Law of Triviality
Discussed in the above video about Law of Triviality also called as Bike shedding , the principle distilled by C. N. Parkinson.
It describes a phenomenon where people spend a relatively large amount of time, energy, and other resources dealing with relatively minor issues.
Bike Shedding Task
A big team who engages in bike shedding might spend more time discussing about ideas, and creating plan for the construction of a small bikeshed compared to the construction of an advanced infrastructure facility because the bikeshed represents an issue that is easier for them to understand and handle.
Now let’s see how this law of triviality applies in user experience design,
User Experience Design
We can see some of the stakeholders care more about color, design ornaments rather than defining well structured content, useful features and intuitive design. And they may not care about real end user needs.

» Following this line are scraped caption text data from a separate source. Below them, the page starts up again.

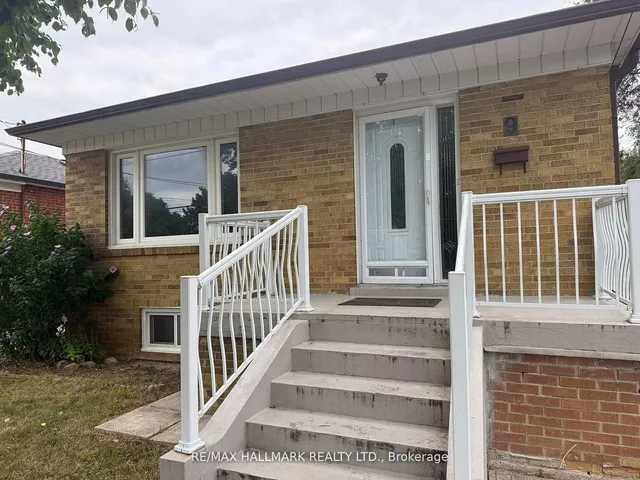 9 Macleod St, Toronto 3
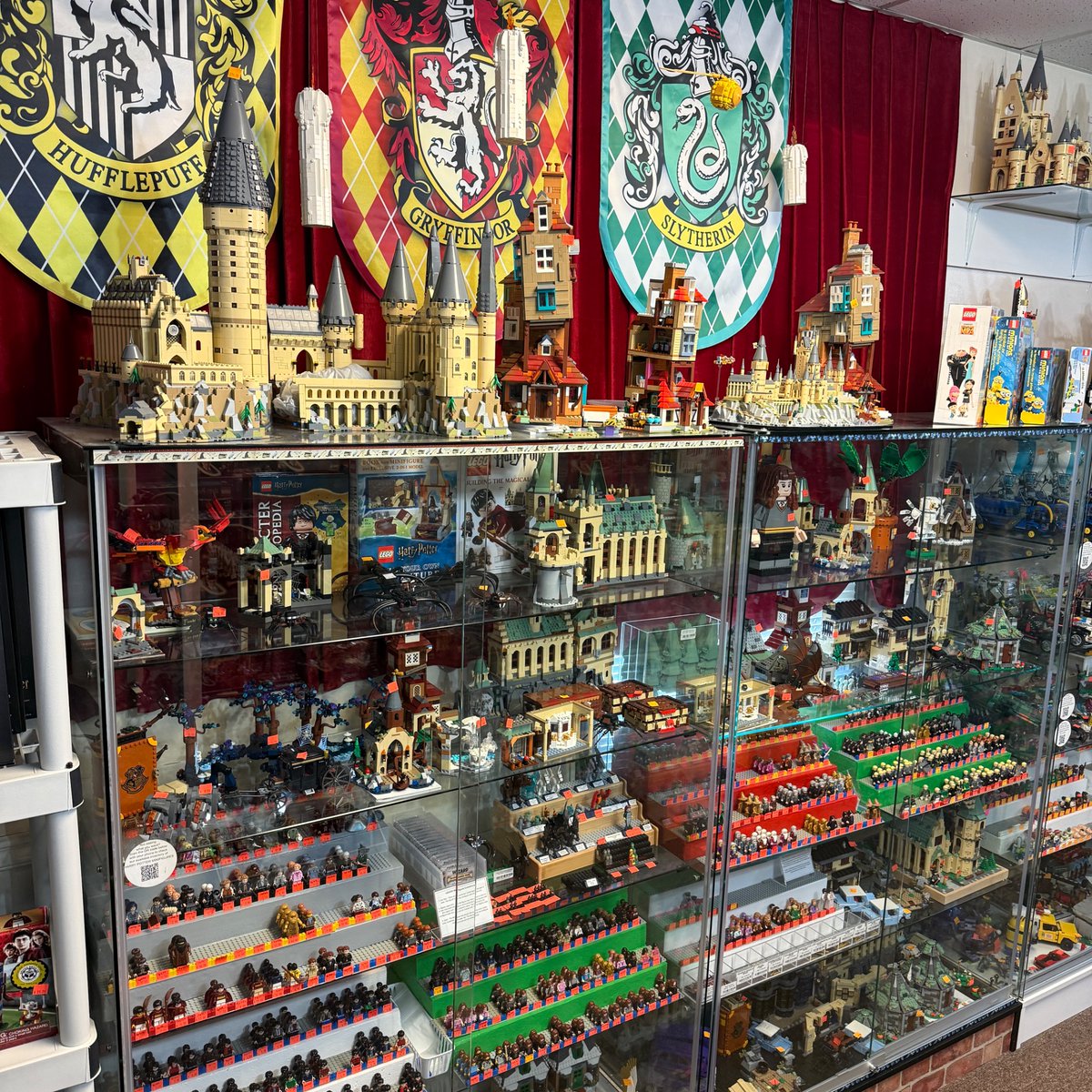 atlantabrickco's tweet image. ✨HARRY POTTER✨

We have sooo many magical sets, minifigs, accessories, parts, and more!

Shop in store and online for more!!!

#harrypotter #hp #magical #afol #wizard #witch #wizardingworld #atlbrickco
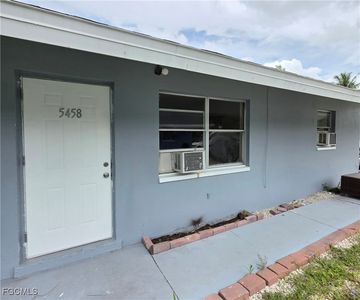 5458-5460 10th Ave, Fort Myers, FL, 33907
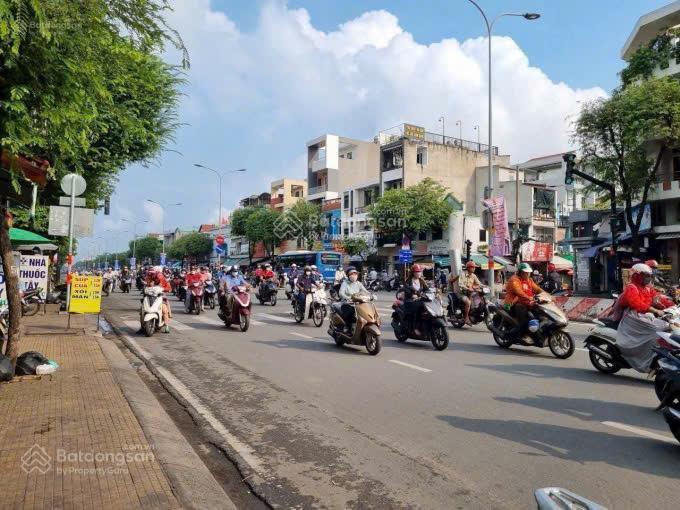 Mt khu tô hiệu  ngang 10m hiếm ! 10mx24m. khu bàn cờ trung tâm  phù hợp showroom, vp... giá 30 tỷ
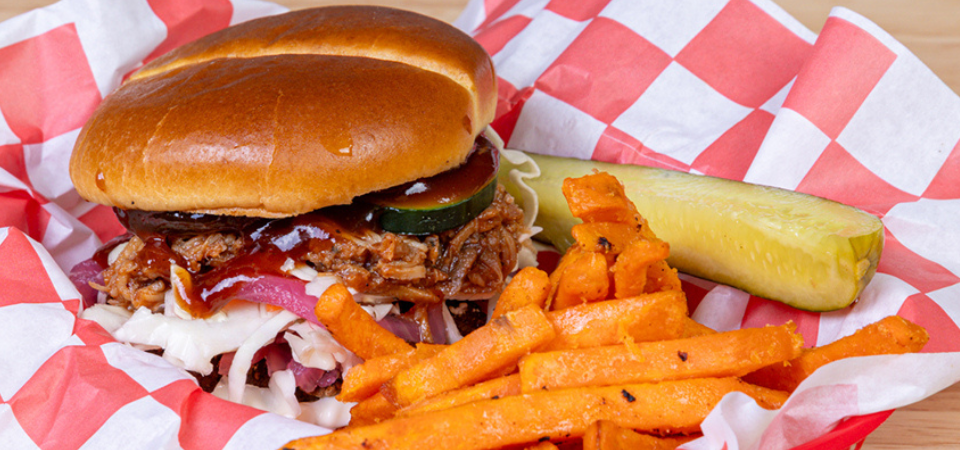 Pulled Pork Homestyle Burgers - Lin's Fresh Market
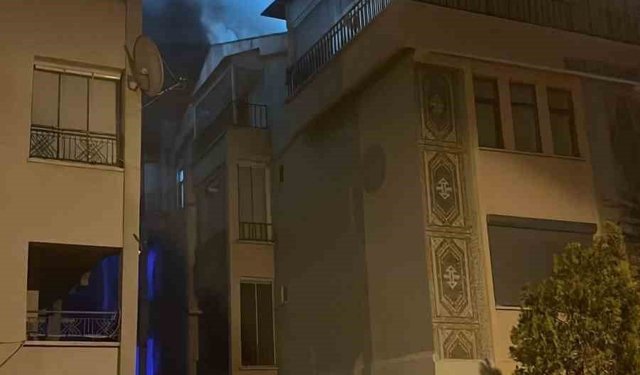 Çatı katı yangını paniğe neden oldu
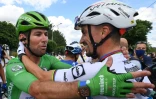 Le Britannique Mark Cavendish, de l'équipe Deceuninck Quickstep, portant le maillot vert du meilleur sprinter (g.) est félicité par son coéquipier le Français Julian Alaphilippe (d.) après avoir remporté la 6e étape de la 108e édition du Tour de France, 160 km entre Tours et Châteauroux, le 1er juillet 2021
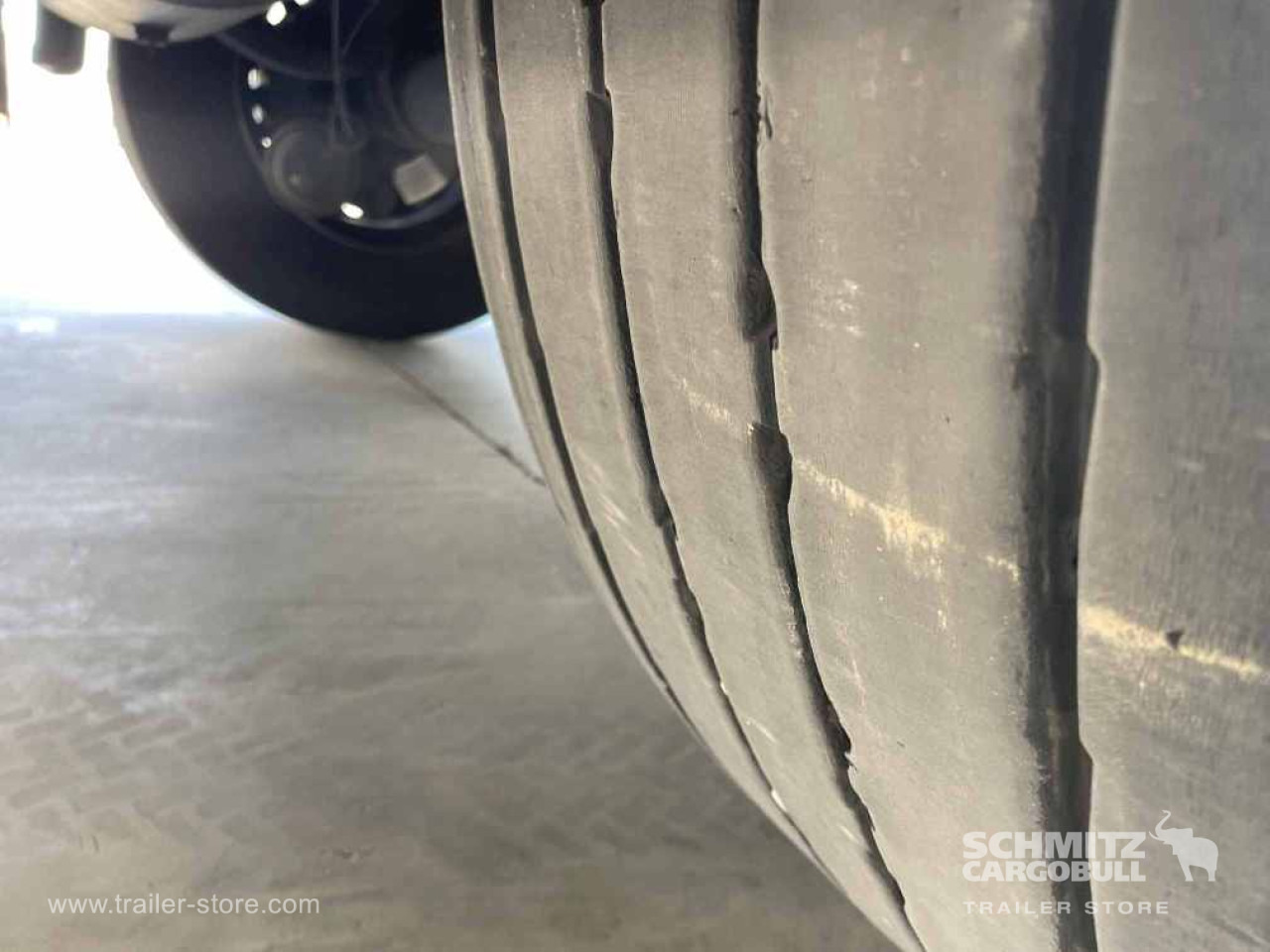 SCHMITZ Semiremolque Frigo Standard - Gjysmë rimorkio izotermike: foto 2 SCHMITZ Semiremolque Frigo Standard - Gjysmë rimorkio izotermike: foto 2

There are several ways the law of triviality happens in product design
Let me list down some here
- We involve more stakeholders, users and spend more effort to solve small issues, or some volunteer stakeholders involve themselves and this might bring confusion in ideation and waste whole team effort for small requirement
- People can find it easier to focus on smaller problems than what’s most significant. The consequences of wrong decisions for trivial issues would have a smaller impact than bigger.
- Bringing more people for a small problem, people can bring more subjective ideas and feature suggestions which will become challenging to crystalize the requirement and solutions for small problems
- This can make people feel less confident. As a consequence, people spend more time considering than necessary, feeling overwhelmed by the amount of information to process.
Prioritize and Decide
This principle is useful to consider so the most important issues and ideas are prioritised during ideation. Suggestions and ideas can be gathered based on significant of the task and how this will create impact in conversions.
If a decision does not have a big impact in the long term, it may be necessary to opt for one of the options and stop worrying about the others. Considering the law of triviality helps to bring efficient design solutions instead of creating too many design options and iterations for unnecessary subjective feedback. Finally it will save resource utilization and cost of product development etc.